Although operative interventions are not directly related to nutrition, it is important to note that any untoward incident in the operating room can impact the nutrition of the patient and, by extension, his/her hospital stay. Principles of minimal tissue handling, selective use of drains and catheters are crucial to be able to promote ambulation, as well as to initiating oral/ enteral nutrition early in the post-operative period and epidural catheter insertion for analgesia in the post- operative period. This has been shown to reduce the incidence of ileus, improve post-operative insulin resistance, improve quality of life scores, facilitate earlier discharge and reduce overall morbidity and mortality after surgery.26-28 Intra-operative goal-directed fluid therapy29 and minimizing use of opioids/ using opioid antagonists like alvimopam contribute to the early return of bowel function in the post-operative period.30
In the post-operative period nutritional management is carried out in the form of early oral (see Table 4 for one institution’s diet progression post-op) or enteral nutrition (EEN). Within ERAS programs EEN is facilitated by prophylaxis against post-operative nausea and vomiting, epidural analgesia, minimizing use of nasogastric tubes (Salem sump type decompression tubes) and other drains, catheters and tubes. Oral or Enteral nutrition can be started as early as 6-8 hours after surgery.31 Even though early post-operative feeding is recommended the evidence base for these recommendations is weak at best32 and there have been varying opinions regarding to the best time to initiate oral feeding. In the experience of this author, an overwhelming majority of the surgeons are more comfortable starting oral feeds on the morning after the surgery. Oral feeding is usually started with liquids. Once tolerated transition to regular diet is immediate while some may prefer to advise eating ad libitum (Food items allowed/excluded in a typical transition diet and a sample menu is shown in Table 5 and Table 6 respectively).
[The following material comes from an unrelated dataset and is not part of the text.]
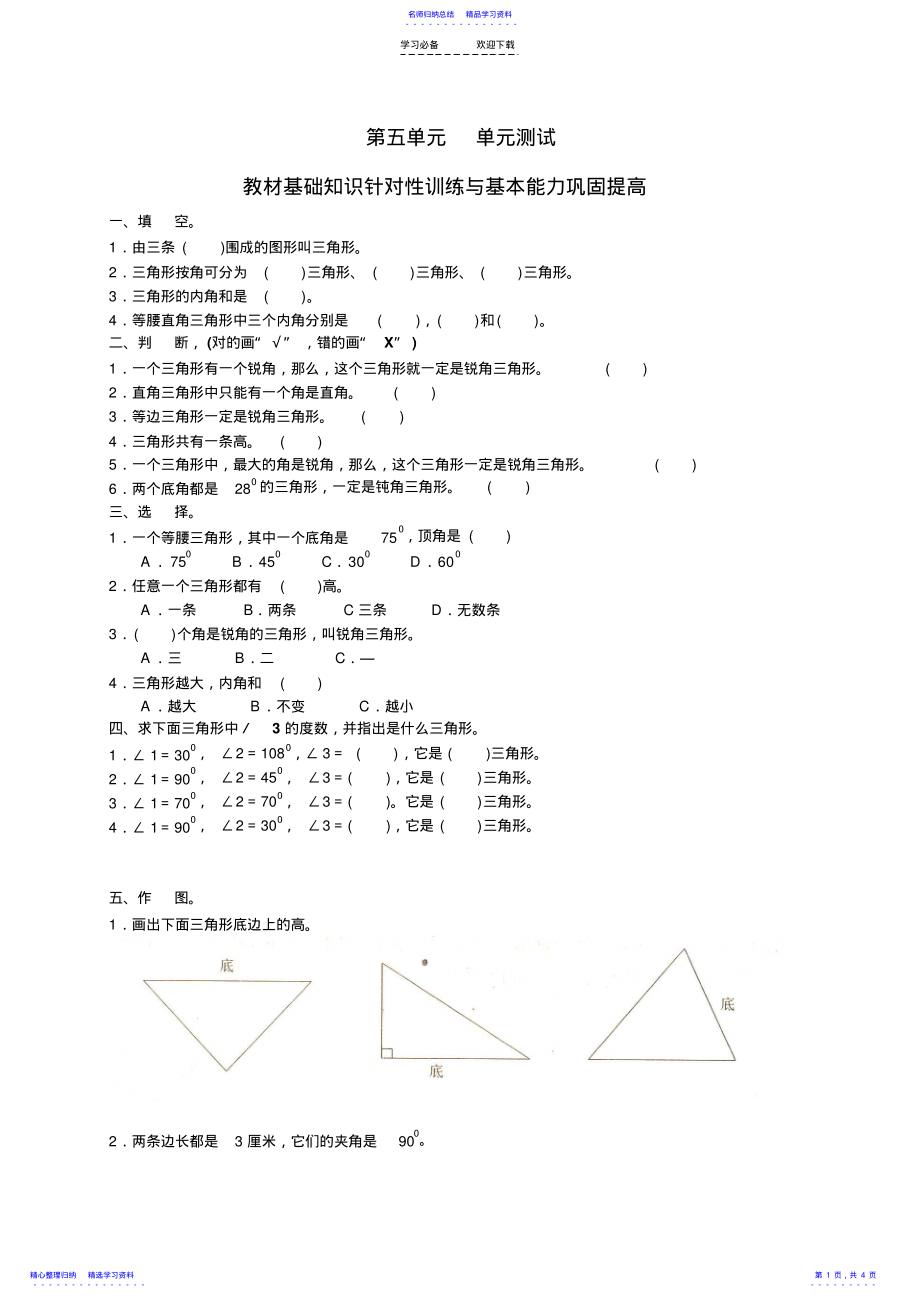 2022年【精品试卷】新人教版小学数学四年级下册第五单元《三角形》单元测试卷之二 .pdf_第1页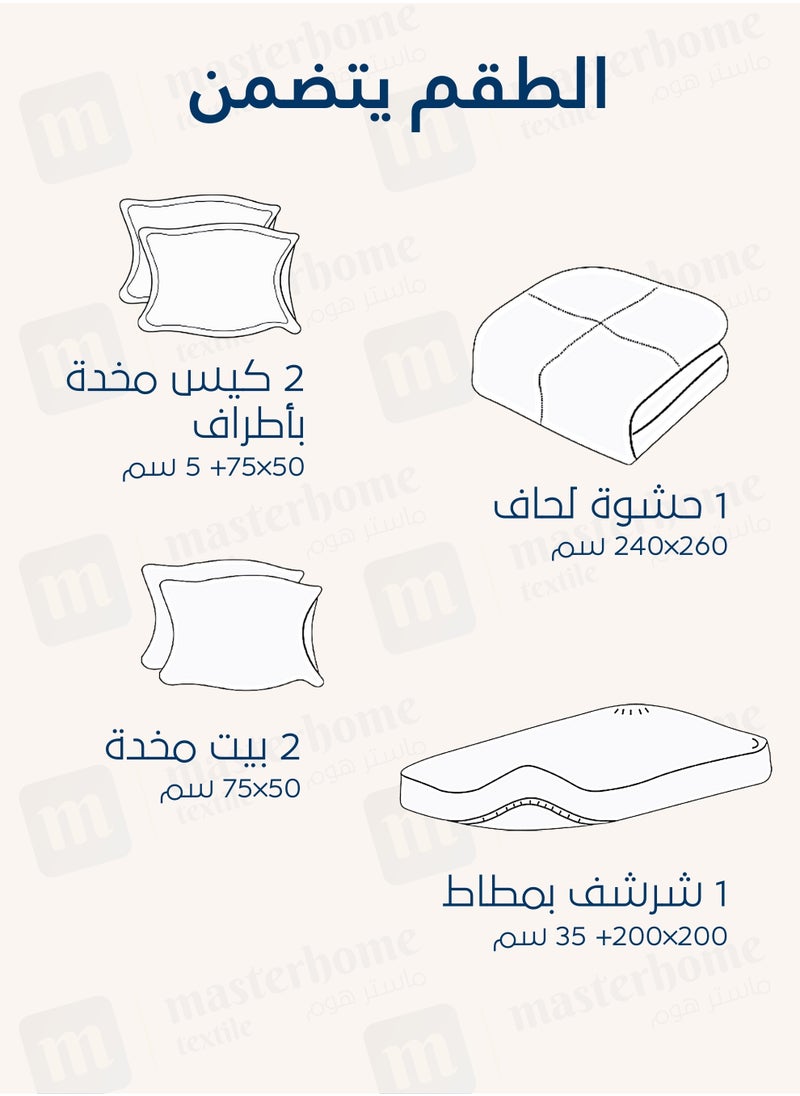 Microfiber Printed Comforter Sets, Fits 200 x 200 cm King / Double Size Bed, 6 Pcs, With Soft Filling, Celine Series - pzsku/Z8F60136EA215BB0D049AZ/45/_/1713491164/5ad11c37-7fae-4951-b460-fb343b8779f4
Early oral or enteral nutrition has been demonstrated to be safe, promotes sense of well-being, preserves post-operative nutritional profile, reduces incidence of ileus and does not lead to an increase in anastomotic dehiscence.31,33
Developments in ERAS have highlighted the importance of peri-operative care. The ability to achieve a reduced hospital stay, patient satisfaction, and reduced rate of complications without an increase in re-admissions has demonstrated how powerful a tool ERAS can be. ERAS has resulted in a significantly increased understanding of peri-operative physiology and how to modulate it to improve outcomes. This has led to the belief among some that the role peri-operative care plays may be so crucial that it warrants recognition as a separate sub-specialty since it does not exclusively fall into the domain of any of the existing specialties.34 Until ERAS becomes a routine reality, it may be in the best interest of all those involved in the peri-operative care of the surgical patient to be familiar with ERAS and its principles.